Each entry should be set down again verbatim, with the images omitted.

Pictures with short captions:
◆ ◆ ◆ ◆ ◆ ◆ ◆

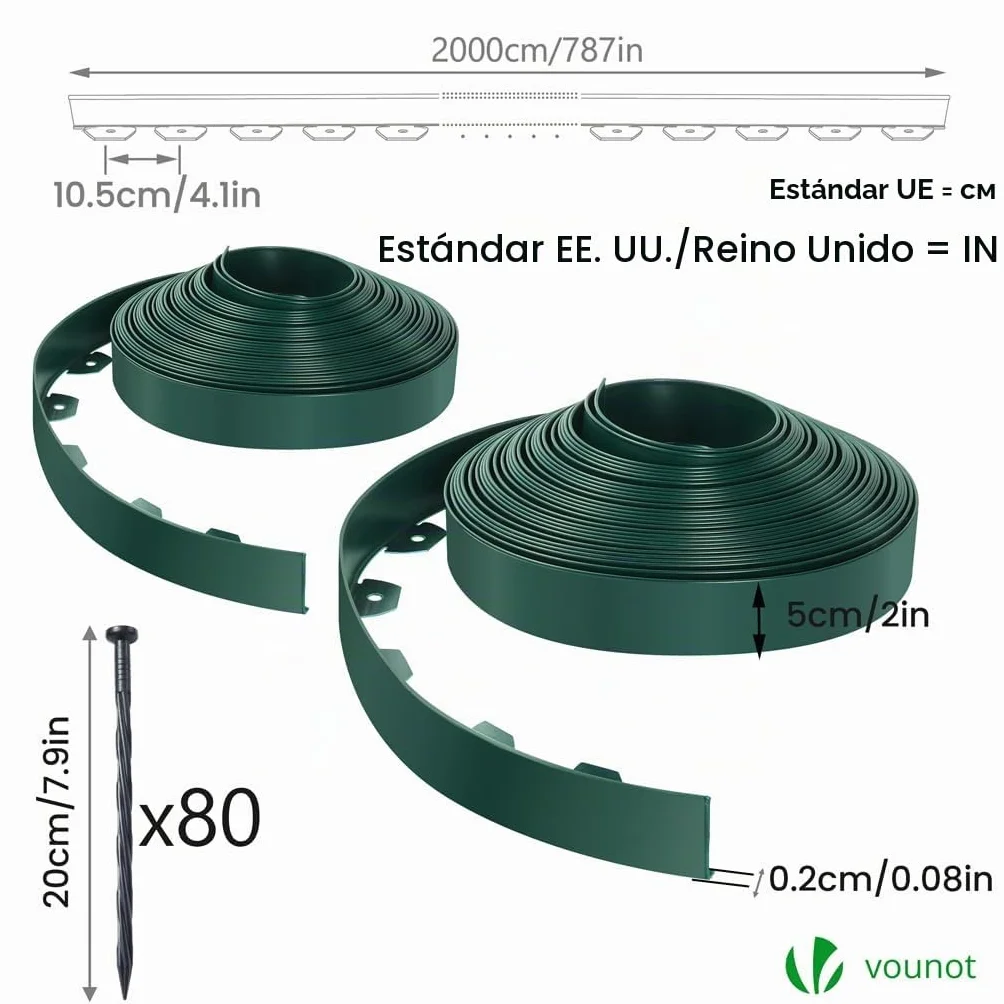 VOUNOT® Borde Jardín Flexible PVC Delimitadores Bordes 40m Altura 5cm Verde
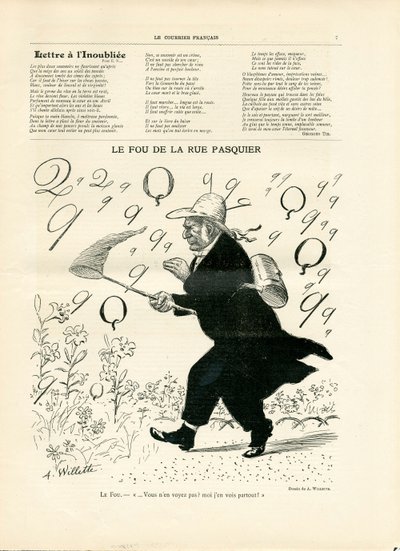 Le Courier francais, 10 numara, Siyah Beyaz Hiciv by Adolphe Leon Willette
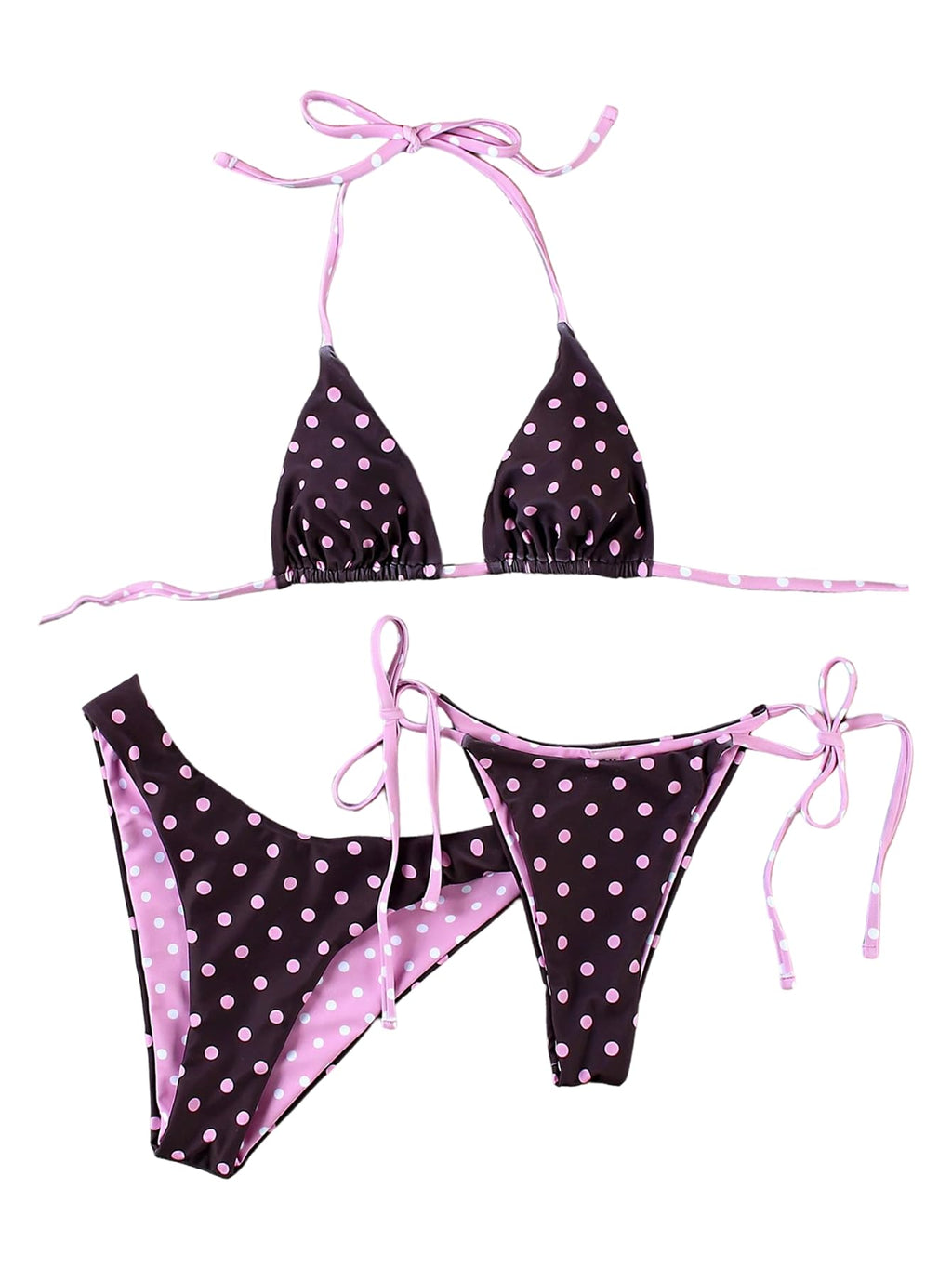 WDIRARA Women's Polka Dots Bikini Set 3 Piece Triangle Swimsuit Halter Thong Bathing Suit Black X-Large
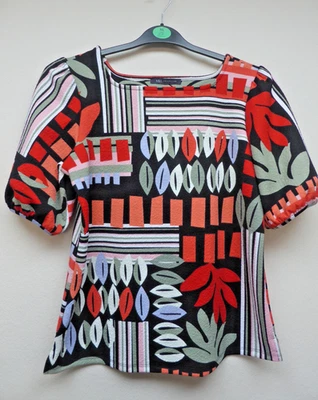 M&S Collection Top Blouse Size UK 14 Black Multi Colour Excellent Condition - Image 1 of 4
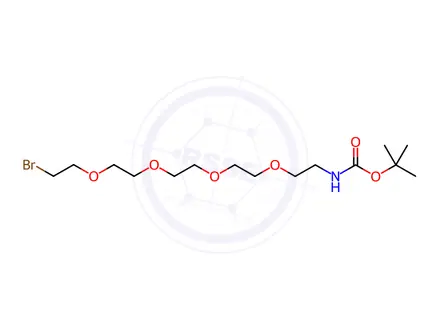 Chemical structure of 5,8,11,14-Tetraoxa-2-azahexadecanoic acid, 16-bromo-, 1,1-dimethylethyl ester
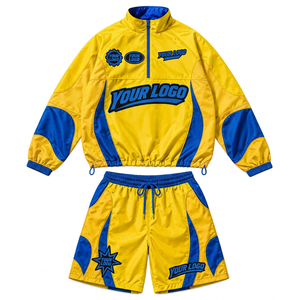 Men's Custom Logo Lightweight Windbreaker <b>Short</b> Set Polyester Jacket <b>Nylon</b> <b>Shorts</b> For Breathable Outdoor Sports and Travel - Product Image 1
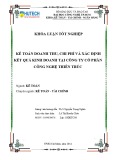 Khóa luận tốt nghiệp: Kế toán doanh thu, chi phí và xác định kết quả kinh doanh tại Công ty cổ phần Công Nghệ Thiên Trúc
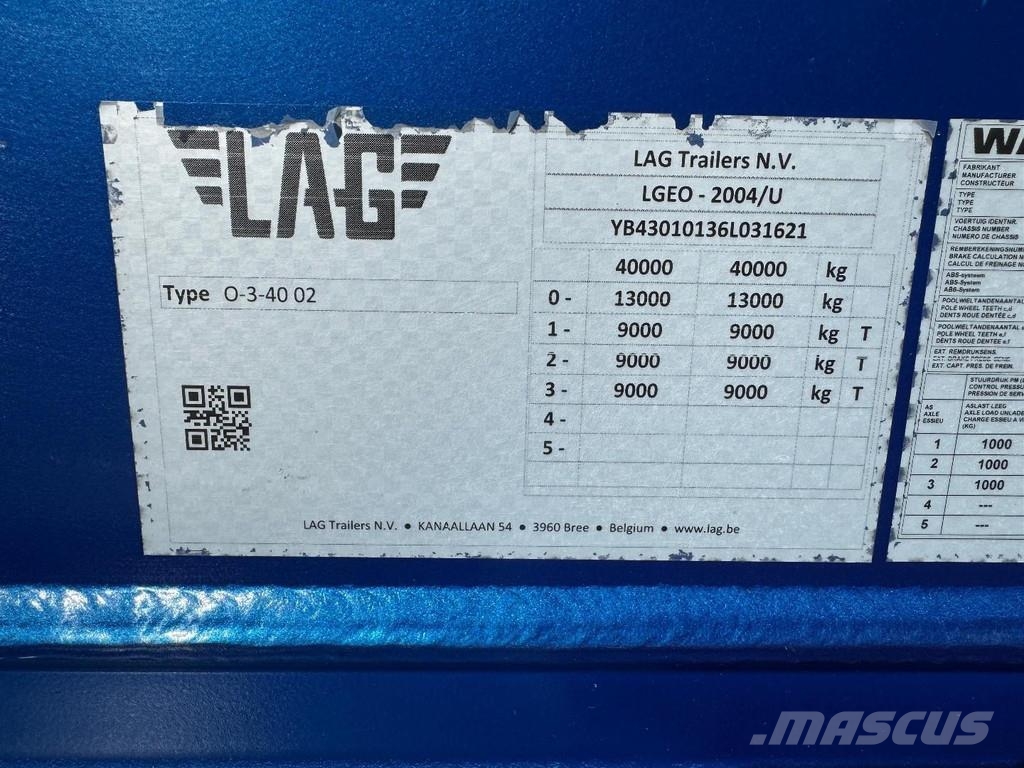 LAG O-3-40 02 3 AXLE - 61.000 LITER TANK - KIPPER Autocisternas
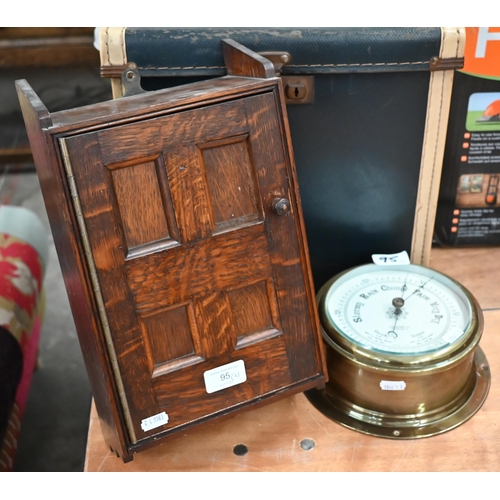 95 - A small oak-panelled wall-mounting medicine cabinet 35 x 21 cm to/w a brass-cased ship's bulkhead an... 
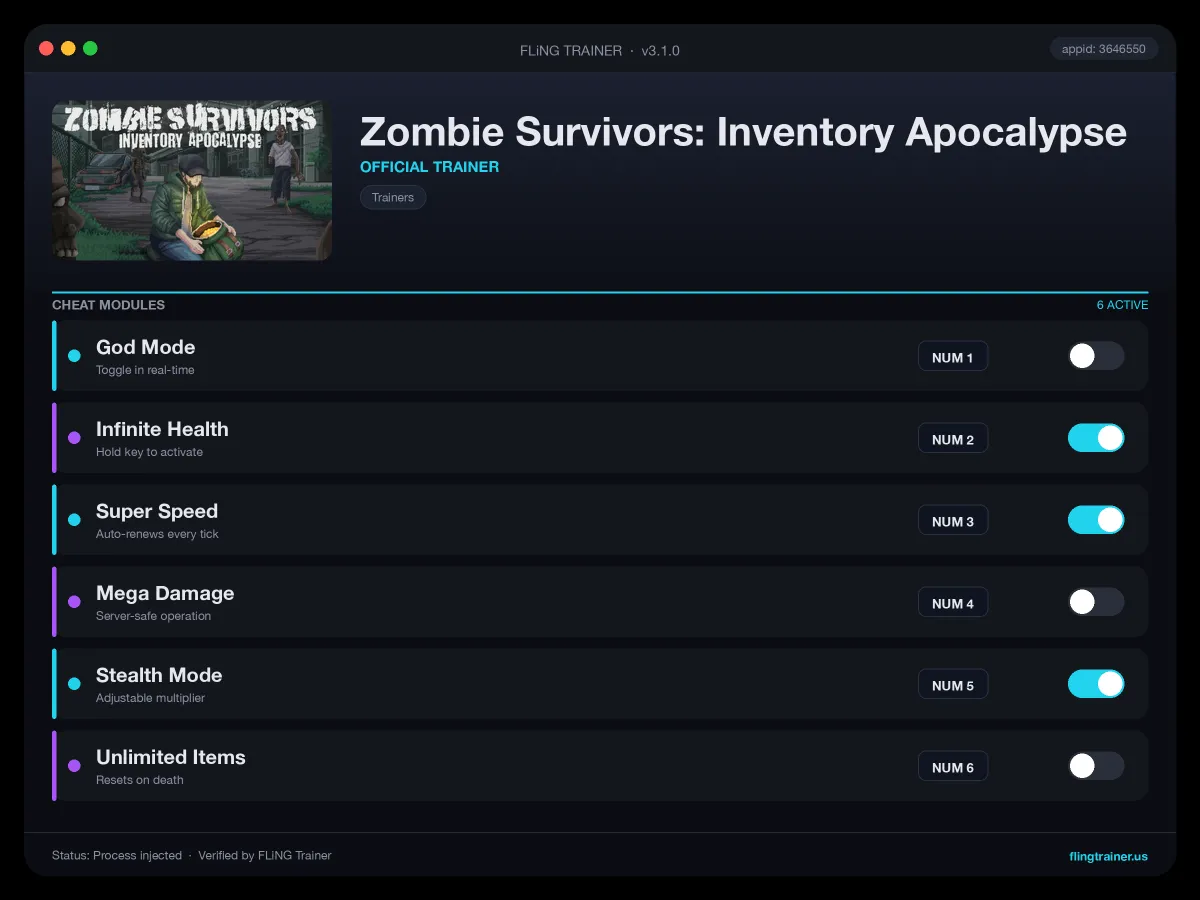 Zombie Survivors: Inventory Apocalypse Trainer interface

◆ ◆ ◆ ◆ ◆ ◆ ◆

- EXERCISE SOLUTION
 VOUNOT® Borde Jardín Flexible PVC Delimitadores Bordes 40m Altura 5cm Verde
 Le Courier francais, 10 numara, Siyah Beyaz Hiciv by Adolphe Leon Willette
 WDIRARA Women's Polka Dots Bikini Set 3 Piece Triangle Swimsuit Halter Thong Bathing Suit Black X-Large
 M&S Collection Top Blouse Size UK 14 Black Multi Colour Excellent Condition - Image 1 of 4
 Chemical structure of 5,8,11,14-Tetraoxa-2-azahexadecanoic acid, 16-bromo-, 1,1-dimethylethyl ester
 Men's Custom Logo Lightweight Windbreaker <b>Short</b> Set Polyester Jacket <b>Nylon</b> <b>Shorts</b> For Breathable Outdoor Sports and Travel - Product Image 1
 Khóa luận tốt nghiệp: Kế toán doanh thu, chi phí và xác định kết quả kinh doanh tại Công ty cổ phần Công Nghệ Thiên Trúc
 LAG O-3-40 02 3 AXLE - 61.000 LITER TANK - KIPPER Autocisternas
 95 - A small oak-panelled wall-mounting medicine cabinet 35 x 21 cm to/w a brass-cased ship's bulkhead an... 
 Zombie Survivors: Inventory Apocalypse Trainer interface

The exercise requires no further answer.